- _Exercise requirements_
Transcribe each line of the material as it is, and drop any picture.

- _Provided material_
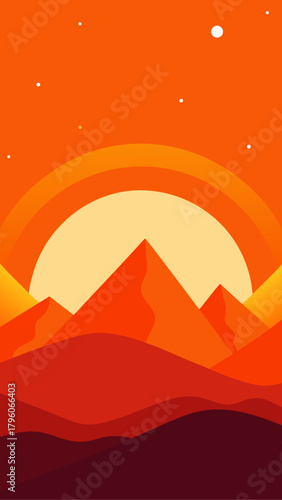 Illustration of a sunset over mountains with stars above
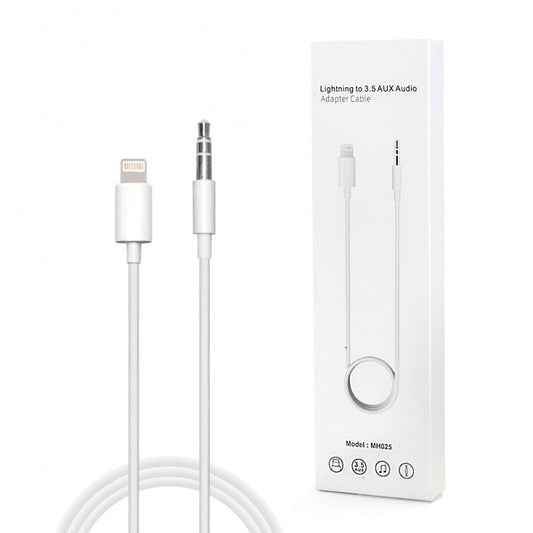 MH025 Lightning to 3.5 AUX Audio Adapter Cable for Apple - White Apple White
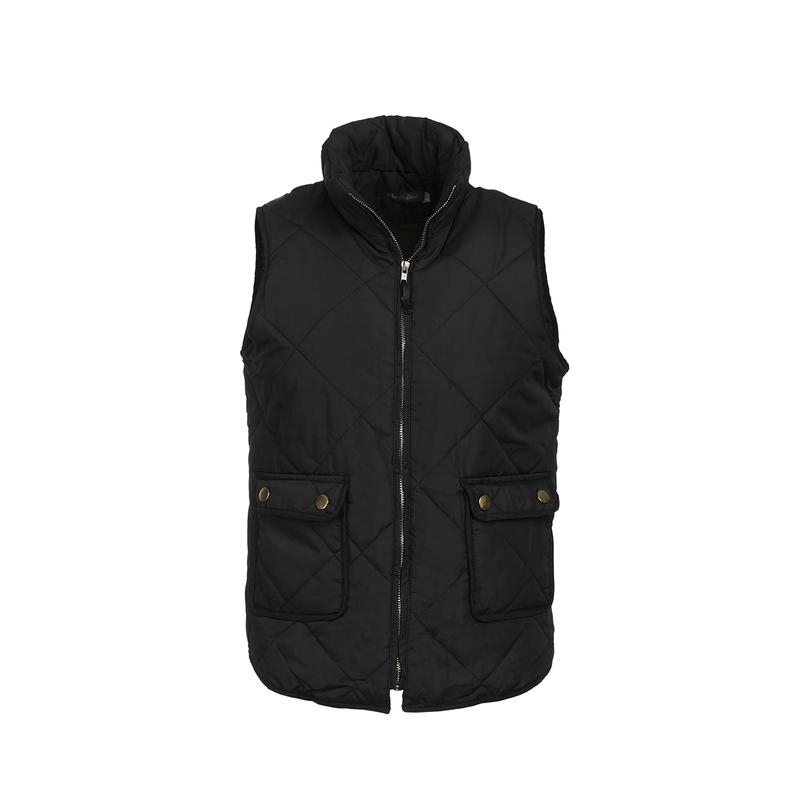 Women Warm Vest Solid Color Stand Collar Warm Padded Zipper Up Side Pockets Gilet Quilted Puffer Wild Vest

- _Answer box_
 Illustration of a sunset over mountains with stars above
 MH025 Lightning to 3.5 AUX Audio Adapter Cable for Apple - White Apple White
 Women Warm Vest Solid Color Stand Collar Warm Padded Zipper Up Side Pockets Gilet Quilted Puffer Wild Vest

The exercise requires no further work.